Exercise brief: Word for word, restate the records from their first line through the line with "You Remember Your", both ends included; omit each picture.

======

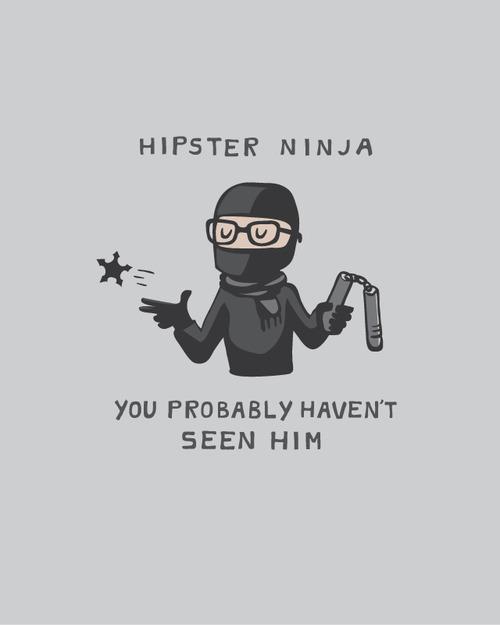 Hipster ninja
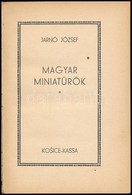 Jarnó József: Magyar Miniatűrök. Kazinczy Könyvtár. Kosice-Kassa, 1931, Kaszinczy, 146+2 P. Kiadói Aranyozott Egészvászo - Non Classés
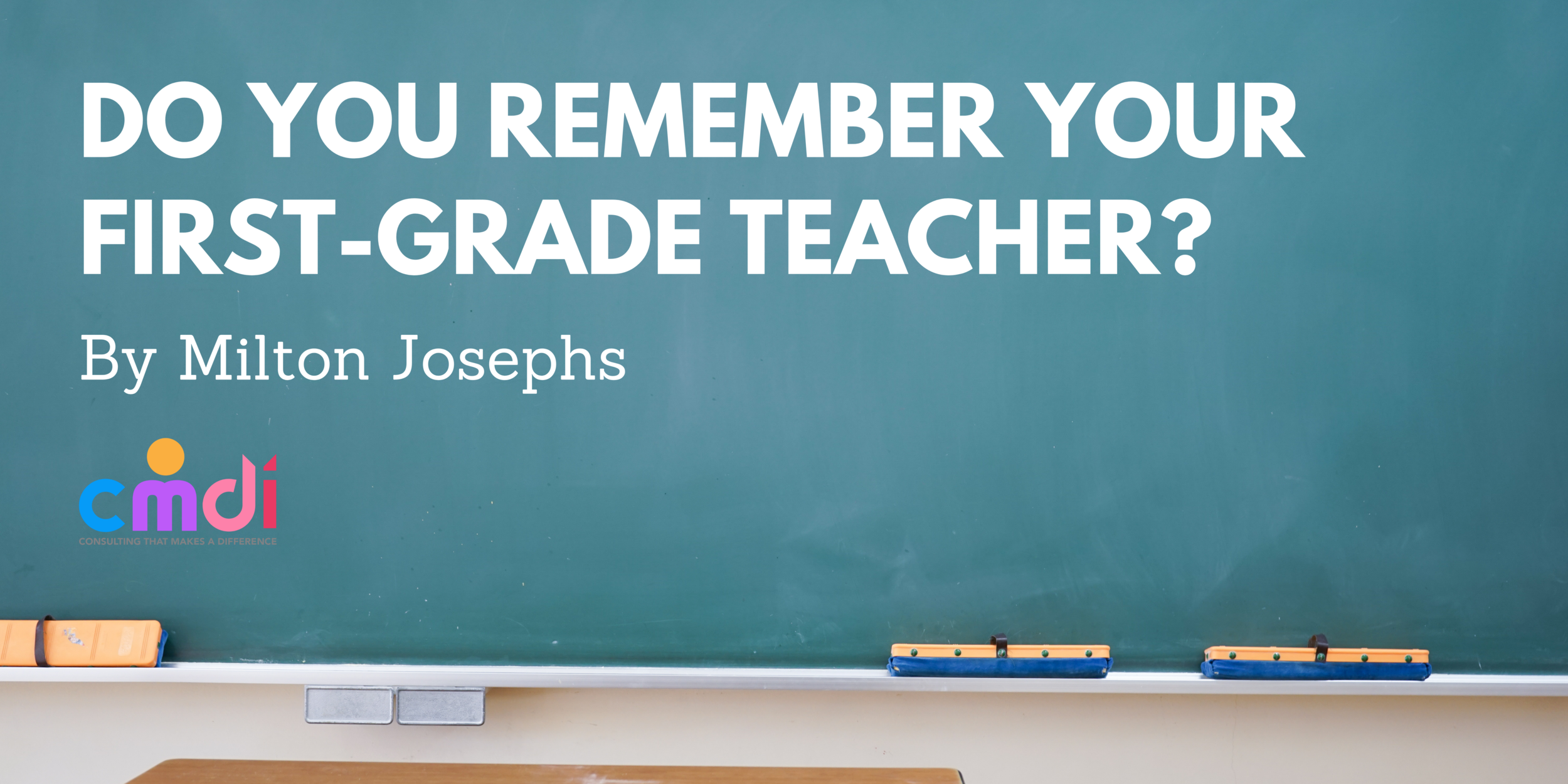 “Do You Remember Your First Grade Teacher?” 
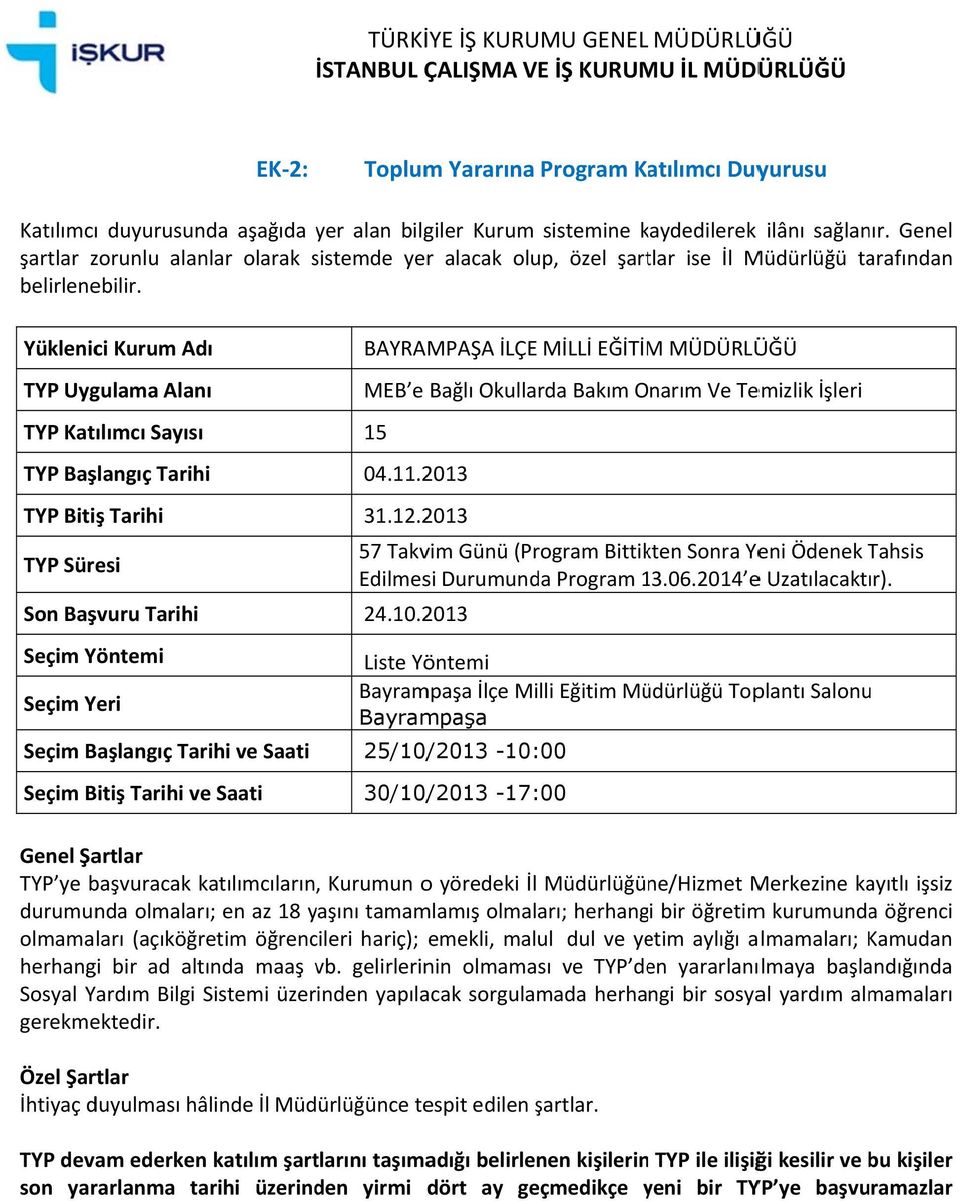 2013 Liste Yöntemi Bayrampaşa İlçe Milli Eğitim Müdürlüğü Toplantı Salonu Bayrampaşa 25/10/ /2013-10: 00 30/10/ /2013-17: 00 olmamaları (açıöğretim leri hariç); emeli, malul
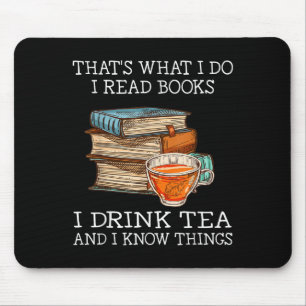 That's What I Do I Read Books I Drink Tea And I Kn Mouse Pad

======

Written response:
 Hipster ninja
 Jarnó József: Magyar Miniatűrök. Kazinczy Könyvtár. Kosice-Kassa, 1931, Kaszinczy, 146+2 P. Kiadói Aranyozott Egészvászo - Non Classés
 “Do You Remember Your First Grade Teacher?” 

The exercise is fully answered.